I have the following vector of strings and I need to match the second repeated words, not the first ones, without spaces.
names_vec <- c("Linda Smith","Elizabeth Olsen Green Elizabeth Olsen Green",
"Eva Ferguson","Charlize Martinez White Charlize Martinez White",
"digital copy solutions digitals",
"honor security services honor")
The resulting vector should be: Edited desired Answer , my mistake there is a misunderstanding. When matching the second duplicate in "honor security services honor" the last word is the one which has to be matched and removed.
matched_vec <- c("Elizabeth Olsen Green","Charlize Martinez White","honor security services")
I have tried different lookarounds but have been unsuccessful. The following code matches the first occurrences but I need the last ones because I want to remove the last repeated words not the first ones.

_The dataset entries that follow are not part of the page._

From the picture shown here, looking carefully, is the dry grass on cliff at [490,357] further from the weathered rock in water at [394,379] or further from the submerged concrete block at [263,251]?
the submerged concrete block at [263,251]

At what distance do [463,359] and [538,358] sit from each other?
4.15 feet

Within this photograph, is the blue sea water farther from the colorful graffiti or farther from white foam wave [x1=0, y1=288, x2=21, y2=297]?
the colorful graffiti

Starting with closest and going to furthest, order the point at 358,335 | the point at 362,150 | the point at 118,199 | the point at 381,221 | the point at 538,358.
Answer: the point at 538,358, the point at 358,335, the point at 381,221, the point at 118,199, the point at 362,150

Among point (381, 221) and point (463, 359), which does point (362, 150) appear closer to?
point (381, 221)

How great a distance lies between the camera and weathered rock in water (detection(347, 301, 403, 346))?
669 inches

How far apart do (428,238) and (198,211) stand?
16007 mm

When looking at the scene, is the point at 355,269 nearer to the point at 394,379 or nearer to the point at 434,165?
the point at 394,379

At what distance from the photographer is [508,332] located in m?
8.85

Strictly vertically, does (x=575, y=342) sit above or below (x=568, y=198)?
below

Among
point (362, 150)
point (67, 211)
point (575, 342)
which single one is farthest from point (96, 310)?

The code below grabs what is inside the brackets, I want the other repeated words.
str_view_all(names_vec , "(\\b\\S+\\s*\\b)(?=.*\\b\\1\\b)", match = TRUE)
[Elizabeth Olsen Green] Elizabeth Olsen Green
[Charlize Martinez White] Charlize Martinez White
[honor] security services honor
The regex I used matches The FIRST repeated words of every string that have duplicates from the beginning of the string.

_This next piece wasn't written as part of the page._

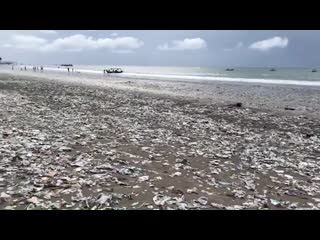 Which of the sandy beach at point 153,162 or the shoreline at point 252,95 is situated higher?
the shoreline at point 252,95

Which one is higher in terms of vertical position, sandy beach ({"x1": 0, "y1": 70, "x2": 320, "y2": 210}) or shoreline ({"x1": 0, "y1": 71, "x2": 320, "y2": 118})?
shoreline ({"x1": 0, "y1": 71, "x2": 320, "y2": 118})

My expectation is to match the SECOND repeated words of the strings, so it has to search from the right to the left and match all of the second repeated words.
People will ask me, why bother. The issue is that I have some company names, and usually the repeated word I want to remove is the second one or the last one if you count from the left to the right.
You can use stringi::stri_reverse
to reverse the characters. Then I use your regex in gsub
and remove the first repetition, what is actually the last repetition, and reverse the result again.
stringi::stri_reverse(
gsub("(\\b\\S+\\s*\\b)(?=.*\\b\\1\\b)", "",
stringi::stri_reverse(names_vec), perl=TRUE) )
#[1] "Linda Smith" "Elizabeth Olsen Green "
#[3] "Eva Ferguson" "Charlize Martinez White "
#[5] "digital copy solutions digitals" "honor security services "
Or just using sub
:
sub("(\\b\\S.*\\b)(.*)\\b\\1\\b", "\\1\\2", names_vec)
#[1] "Linda Smith" "Elizabeth Olsen Green "
#[3] "Eva Ferguson" "Charlize Martinez White "
#[5] "digital copy solutions digitals" "honor security services "